Pander 4 (Winter 1998)
Titanic, directed and written by James Cameron – with Leonardo di Caprio, Kate Winslett, Billy Zane, Kathy Bates – (USA, 1997).
James Cameron, dir.: Titanic (1997)
Third thoughts on Titanic … No, I haven’t been to see it three times – I leave that to moony girls in Language Schools. Twice, though, that seems not excessive. After all, it has ceased to be a film and become a cultural phenomenon.
I went to see it first in the middle of December last year, and this is what I find written in my diary under that date:
“So is it a colossal, floating turkey? It’s tempting simply to reply ‘yes’ and leave it at that, but it’s perhaps too facile a response. The love-triangle is mawkish and silly, with Billy Zane posturing like any Dion Boucicault Sir Jasper (“So, my proud beauty!”), and the principals doing a strange reprise of Cruise and Kidman in Home and Away. Yet there are moments of undoubted awe and grandeur in it – not so much the special effects as the little scenes like the father putting his child in a boat: “There’ll be another boat for daddies later on,” which have a kind of grave sentimental majesty about them. And then there’s poor Jack freezing in the water – for a moment his pale face and blackened lips take us back to the days of the silent screen: Way Down East – that scene with the ice-floes and the waterfall. When it’s good, it’s in that silent movie way. But those who are describing James Cameron as Cecil B. DeMille redivivus have a point. There’s more of DeMille than of D. W. Griffiths in it, unfortunately. Nor does it really end there. The Titanic was an unlucky ship. It remains to be seen if this is an unlucky film, but the sheer scale of the production certainly echoes the hubris of those shipbuilders of long ago. As Hardy put it at the time:
What does this vaingloriousness down here?”
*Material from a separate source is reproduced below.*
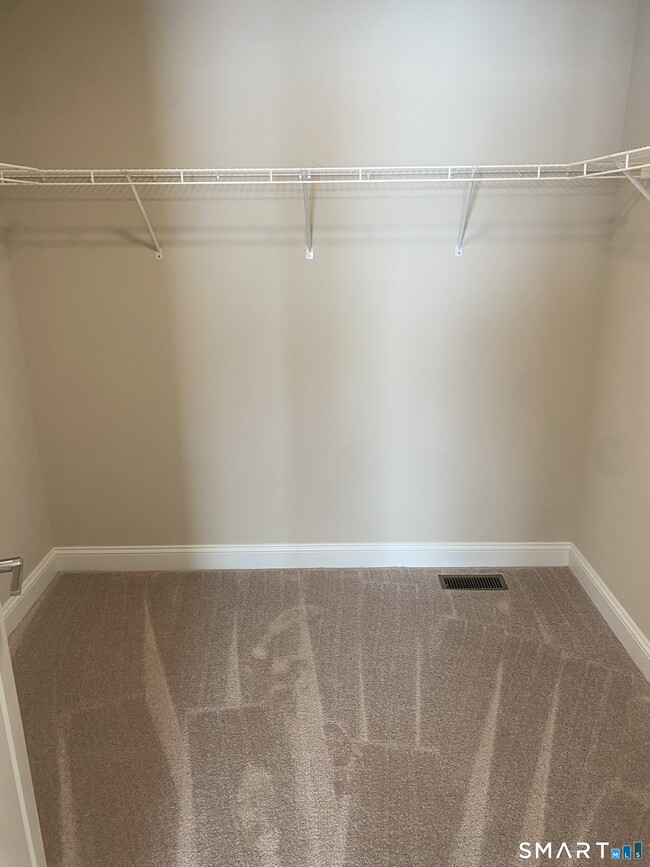 Building Photo - 919 Strongtown Rd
Well, don’t I have egg on my face! As the film slowly bumbled its way from box-office phenomenon to critical acclaim, from Golden Globes to Oscars, I began to think that maybe I wasn’t such hot shit as a prophet after all. So I went back to see it again.
Undeniably, it has charm. Nobody does any acting to speak of, but then they don’t really have to. In a sense, the less you expect of it, the more it delivers. Unless he’s forgotten how recently, diCaprio can act (Gilbert Grape, This Boy’s Life), and Kate Winslet is of course a genius, but here they’re basically used as props (I do love that scene with her sloshing through the corridor with axe held high – she looks so intrepid and absurd at the same time).
Of course, we’ve seen these big films before: Dances with Wolves, The Last Emperor. They clean up, then they go away. It was Billy Wilder who reminded us that nobody ever said: “Hey, let’s go and see that movie. I hear it came in under budget!”
Is there any more to it than that? More to it than that mawkish moment at the Oscars when Cameron claimed a milli-second’s silence for the victims of the catastrophe? For a moment it grasps at dignity – it gestures towards Orphans of the Storm. It contents itself, finally, with The Ten Commandments, but maybe that’s not altogether a bad thing.